**Problem requirements:** Below is a listing. Quote from it, exactly, the lines from the one containing "جونو ، مينيرفا" down to the one containing "A nameplate is", both ends included, and nothing else.
─── Dataset records ───
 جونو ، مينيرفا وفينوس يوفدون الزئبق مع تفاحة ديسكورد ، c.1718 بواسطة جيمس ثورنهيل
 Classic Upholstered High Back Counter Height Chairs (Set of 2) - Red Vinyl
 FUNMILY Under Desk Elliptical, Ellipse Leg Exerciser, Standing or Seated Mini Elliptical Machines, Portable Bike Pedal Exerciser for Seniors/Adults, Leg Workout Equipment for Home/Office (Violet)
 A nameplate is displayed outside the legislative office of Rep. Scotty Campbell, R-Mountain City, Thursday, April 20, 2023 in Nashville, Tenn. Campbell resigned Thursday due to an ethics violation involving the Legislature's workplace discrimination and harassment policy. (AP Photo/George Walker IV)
───
─── Dataset records ───
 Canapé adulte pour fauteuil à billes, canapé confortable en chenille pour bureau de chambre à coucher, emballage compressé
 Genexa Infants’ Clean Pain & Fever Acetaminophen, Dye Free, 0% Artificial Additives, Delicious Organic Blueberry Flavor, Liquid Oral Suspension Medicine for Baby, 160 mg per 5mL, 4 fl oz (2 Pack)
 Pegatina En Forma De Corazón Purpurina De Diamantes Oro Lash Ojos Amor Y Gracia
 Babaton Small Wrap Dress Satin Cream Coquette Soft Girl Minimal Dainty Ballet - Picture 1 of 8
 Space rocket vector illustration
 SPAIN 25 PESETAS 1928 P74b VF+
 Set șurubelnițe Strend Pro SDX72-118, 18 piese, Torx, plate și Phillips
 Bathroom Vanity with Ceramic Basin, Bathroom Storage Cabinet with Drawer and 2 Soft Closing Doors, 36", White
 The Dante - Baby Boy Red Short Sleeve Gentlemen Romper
───
**Response below:**
 جونو ، مينيرفا وفينوس يوفدون الزئبق مع تفاحة ديسكورد ، c.1718 بواسطة جيمس ثورنهيل
 Classic Upholstered High Back Counter Height Chairs (Set of 2) - Red Vinyl
 FUNMILY Under Desk Elliptical, Ellipse Leg Exerciser, Standing or Seated Mini Elliptical Machines, Portable Bike Pedal Exerciser for Seniors/Adults, Leg Workout Equipment for Home/Office (Violet)
 A nameplate is displayed outside the legislative office of Rep. Scotty Campbell, R-Mountain City, Thursday, April 20, 2023 in Nashville, Tenn. Campbell resigned Thursday due to an ethics violation involving the Legislature's workplace discrimination and harassment policy. (AP Photo/George Walker IV)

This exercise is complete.